- **What to work on**
For each line below that holds the word "Porto", make a copy.

[Items from a dataset]
####

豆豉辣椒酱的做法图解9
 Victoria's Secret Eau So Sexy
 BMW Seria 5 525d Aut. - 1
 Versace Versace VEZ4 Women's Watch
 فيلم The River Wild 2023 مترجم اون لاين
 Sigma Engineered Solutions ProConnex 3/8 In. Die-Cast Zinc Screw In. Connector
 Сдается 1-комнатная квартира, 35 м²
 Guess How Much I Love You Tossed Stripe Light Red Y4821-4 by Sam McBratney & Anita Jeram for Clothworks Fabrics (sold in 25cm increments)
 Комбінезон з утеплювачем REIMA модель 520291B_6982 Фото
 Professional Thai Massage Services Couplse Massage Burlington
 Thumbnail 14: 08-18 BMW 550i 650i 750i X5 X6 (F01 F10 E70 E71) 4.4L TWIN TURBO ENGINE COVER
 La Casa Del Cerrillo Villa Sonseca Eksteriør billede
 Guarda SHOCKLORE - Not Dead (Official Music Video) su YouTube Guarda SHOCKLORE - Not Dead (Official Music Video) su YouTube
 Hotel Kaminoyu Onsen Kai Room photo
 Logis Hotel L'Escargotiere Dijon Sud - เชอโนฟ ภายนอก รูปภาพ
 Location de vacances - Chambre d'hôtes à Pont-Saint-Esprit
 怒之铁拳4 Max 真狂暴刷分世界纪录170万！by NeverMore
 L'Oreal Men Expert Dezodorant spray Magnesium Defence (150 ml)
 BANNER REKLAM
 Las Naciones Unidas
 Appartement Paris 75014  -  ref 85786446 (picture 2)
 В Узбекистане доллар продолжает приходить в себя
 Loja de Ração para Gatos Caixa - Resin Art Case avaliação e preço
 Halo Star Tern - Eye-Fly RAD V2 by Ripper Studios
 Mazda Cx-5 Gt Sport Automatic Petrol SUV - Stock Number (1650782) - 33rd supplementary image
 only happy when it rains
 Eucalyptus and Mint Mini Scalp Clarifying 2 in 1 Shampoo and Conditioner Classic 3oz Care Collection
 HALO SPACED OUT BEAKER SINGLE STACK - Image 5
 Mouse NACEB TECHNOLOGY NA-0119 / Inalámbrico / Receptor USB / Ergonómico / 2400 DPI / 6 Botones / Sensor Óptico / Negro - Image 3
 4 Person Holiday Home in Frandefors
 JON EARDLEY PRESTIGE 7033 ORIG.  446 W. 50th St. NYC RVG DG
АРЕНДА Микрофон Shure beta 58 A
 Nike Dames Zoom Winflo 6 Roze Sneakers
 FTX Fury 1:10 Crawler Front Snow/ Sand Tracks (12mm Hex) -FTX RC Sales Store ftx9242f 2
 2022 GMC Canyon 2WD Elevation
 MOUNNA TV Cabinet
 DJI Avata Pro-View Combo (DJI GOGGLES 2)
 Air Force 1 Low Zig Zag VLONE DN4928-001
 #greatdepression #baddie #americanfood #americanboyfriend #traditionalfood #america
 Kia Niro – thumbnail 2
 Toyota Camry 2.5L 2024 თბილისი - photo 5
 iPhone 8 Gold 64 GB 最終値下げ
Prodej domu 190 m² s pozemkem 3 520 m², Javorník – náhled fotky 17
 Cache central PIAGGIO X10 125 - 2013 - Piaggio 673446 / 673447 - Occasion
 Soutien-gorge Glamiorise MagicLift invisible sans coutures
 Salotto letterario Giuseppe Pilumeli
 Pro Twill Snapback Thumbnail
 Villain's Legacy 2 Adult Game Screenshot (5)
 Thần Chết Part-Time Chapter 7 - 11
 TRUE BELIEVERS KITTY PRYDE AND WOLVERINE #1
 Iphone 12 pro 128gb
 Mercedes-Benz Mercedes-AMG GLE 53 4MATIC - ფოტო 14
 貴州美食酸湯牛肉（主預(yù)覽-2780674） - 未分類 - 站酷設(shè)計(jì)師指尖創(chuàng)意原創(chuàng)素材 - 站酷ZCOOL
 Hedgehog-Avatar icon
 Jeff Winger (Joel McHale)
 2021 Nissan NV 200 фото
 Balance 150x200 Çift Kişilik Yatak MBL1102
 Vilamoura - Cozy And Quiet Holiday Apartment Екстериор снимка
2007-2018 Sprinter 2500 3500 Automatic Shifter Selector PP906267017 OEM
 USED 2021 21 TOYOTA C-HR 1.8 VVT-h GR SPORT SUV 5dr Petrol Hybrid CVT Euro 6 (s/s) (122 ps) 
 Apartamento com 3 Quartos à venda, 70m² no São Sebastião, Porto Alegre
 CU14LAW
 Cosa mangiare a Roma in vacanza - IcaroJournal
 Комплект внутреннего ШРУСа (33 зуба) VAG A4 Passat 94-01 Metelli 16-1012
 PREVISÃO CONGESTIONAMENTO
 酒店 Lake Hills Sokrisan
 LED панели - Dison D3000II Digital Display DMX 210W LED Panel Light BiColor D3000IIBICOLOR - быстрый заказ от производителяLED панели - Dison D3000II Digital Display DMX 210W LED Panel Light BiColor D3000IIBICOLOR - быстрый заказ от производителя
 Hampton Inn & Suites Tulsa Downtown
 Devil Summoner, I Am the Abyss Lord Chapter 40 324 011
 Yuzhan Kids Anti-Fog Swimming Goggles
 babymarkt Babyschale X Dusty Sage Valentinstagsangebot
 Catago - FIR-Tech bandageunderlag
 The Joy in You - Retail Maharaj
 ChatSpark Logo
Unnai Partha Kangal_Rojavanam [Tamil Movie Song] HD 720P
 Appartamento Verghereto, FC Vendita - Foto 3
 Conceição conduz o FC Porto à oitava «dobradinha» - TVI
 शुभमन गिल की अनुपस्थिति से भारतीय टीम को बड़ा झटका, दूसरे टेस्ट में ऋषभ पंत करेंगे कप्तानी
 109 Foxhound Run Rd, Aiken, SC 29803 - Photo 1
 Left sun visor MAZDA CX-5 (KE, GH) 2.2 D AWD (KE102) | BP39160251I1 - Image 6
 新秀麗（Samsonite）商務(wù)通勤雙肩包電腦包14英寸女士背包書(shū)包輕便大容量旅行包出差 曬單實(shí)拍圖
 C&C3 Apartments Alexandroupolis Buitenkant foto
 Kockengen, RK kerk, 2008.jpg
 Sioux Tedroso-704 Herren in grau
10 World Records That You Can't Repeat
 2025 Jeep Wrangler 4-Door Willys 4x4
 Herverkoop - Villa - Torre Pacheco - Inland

####

- **Solution for this exercise**
 Apartamento com 3 Quartos à venda, 70m² no São Sebastião, Porto Alegre
 Conceição conduz o FC Porto à oitava «dobradinha» - TVI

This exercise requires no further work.